(Collected data entries)
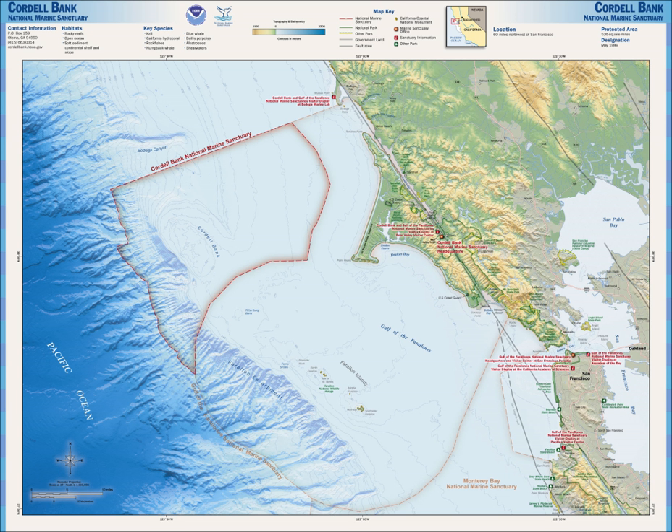Cordell Bank is also known for its abundance of fish. Flatfish, most notably sandabs, make their home on the mud of the seafloor in the sanctuary. Both solitary and schooling fish find refuge from predators among the bank's rocky pinnacles. Cordell Bank supports more than 246 species of fish, including 44 species of rockfish, ranging in size from the 8-inch pygmy rockfish to the 3-foot yellow-eye rockfish. Although far from shore, sportfishers prize Cordell Bank as a fishing spot and regularly venture out from shore to catch albacore and salmon.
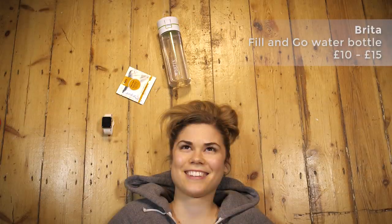I always have my Brita Fill and Go with me. All you need to do is fill it up from the tap and it filters the water within it, so you feel so much better after drinking one of these.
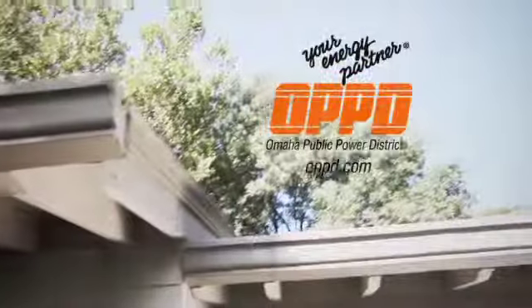Oh, I gotta check this out. All the info you need is at OPPD.com. Got it. OPPD.com.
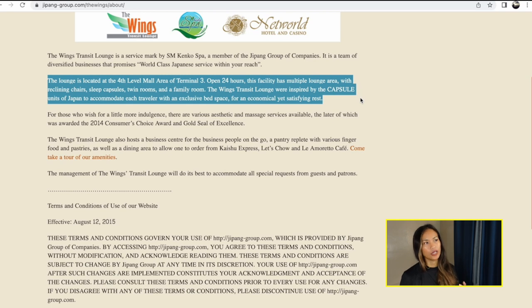Terminal 3 hosts the majority of international flights. We had to go to Terminal 4, which handles domestic flights. You go down from the fourth floor where the Wings Transit is, follow the signs, and you ride a bus to Terminal 4. Once there, check in your luggage, or if you only have hand carry, go straight to the security area. After security, you ride another bus that takes you to your airplane.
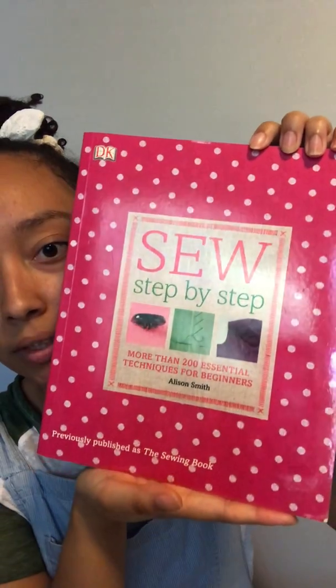The first book I got was 'Sew Step by Step' by DK. This is the first and really only sewing encyclopedia that I have. I found it so great — they have multiple sections and within each section they have different categories, like sewing equipment and things that you need.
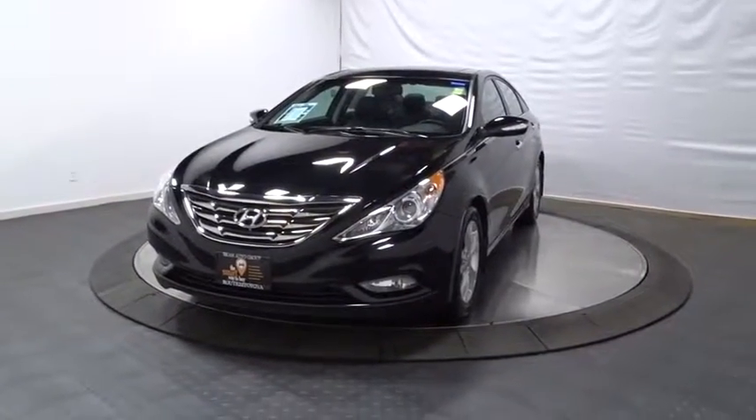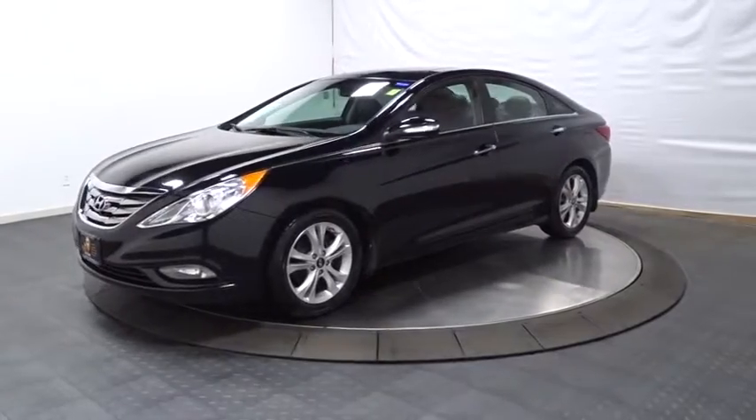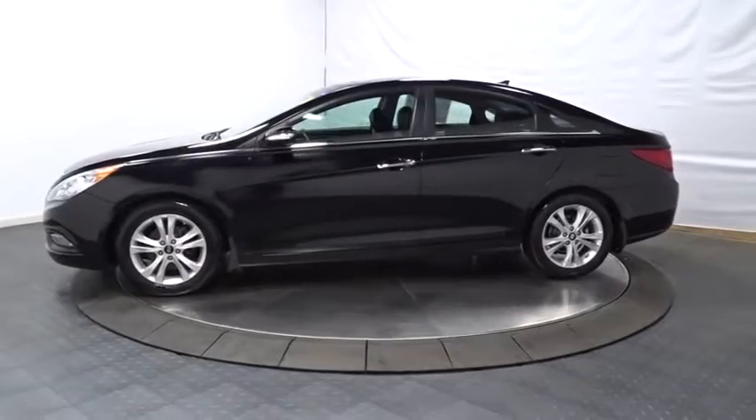The 2013 Hyundai Sonata. The Sonata has a long list of technologically advanced interior features and options that make driving safer, more convenient, and much more fun.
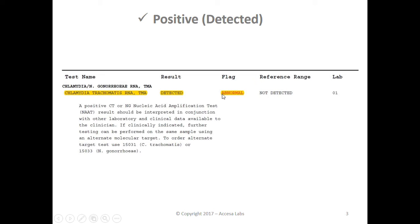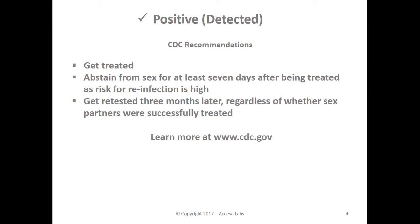With a positive result, we recommend that you follow up with your local doctor. Also, the Centers for Disease Control, or CDC.gov website, has helpful information, including: get treated, abstain from sex for at least seven days after being treated as the risk for reinfection is high, and get retested three months later regardless of whether your sex partners were successfully treated. You can learn more at CDC.gov.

- Problem statement -
A word-for-word transcription of the entries above, free of images, is what is wanted.

- Task response -
Cordell Bank is also known for its abundance of fish. Flatfish, most notably sandabs, make their home on the mud of the seafloor in the sanctuary. Both solitary and schooling fish find refuge from predators among the bank's rocky pinnacles. Cordell Bank supports more than 246 species of fish, including 44 species of rockfish, ranging in size from the 8-inch pygmy rockfish to the 3-foot yellow-eye rockfish. Although far from shore, sportfishers prize Cordell Bank as a fishing spot and regularly venture out from shore to catch albacore and salmon.
I always have my Brita Fill and Go with me. All you need to do is fill it up from the tap and it filters the water within it, so you feel so much better after drinking one of these.
Oh, I gotta check this out. All the info you need is at OPPD.com. Got it. OPPD.com.
Terminal 3 hosts the majority of international flights. We had to go to Terminal 4, which handles domestic flights. You go down from the fourth floor where the Wings Transit is, follow the signs, and you ride a bus to Terminal 4. Once there, check in your luggage, or if you only have hand carry, go straight to the security area. After security, you ride another bus that takes you to your airplane.
The first book I got was 'Sew Step by Step' by DK. This is the first and really only sewing encyclopedia that I have. I found it so great — they have multiple sections and within each section they have different categories, like sewing equipment and things that you need.
The 2013 Hyundai Sonata. The Sonata has a long list of technologically advanced interior features and options that make driving safer, more convenient, and much more fun.
With a positive result, we recommend that you follow up with your local doctor. Also, the Centers for Disease Control, or CDC.gov website, has helpful information, including: get treated, abstain from sex for at least seven days after being treated as the risk for reinfection is high, and get retested three months later regardless of whether your sex partners were successfully treated. You can learn more at CDC.gov.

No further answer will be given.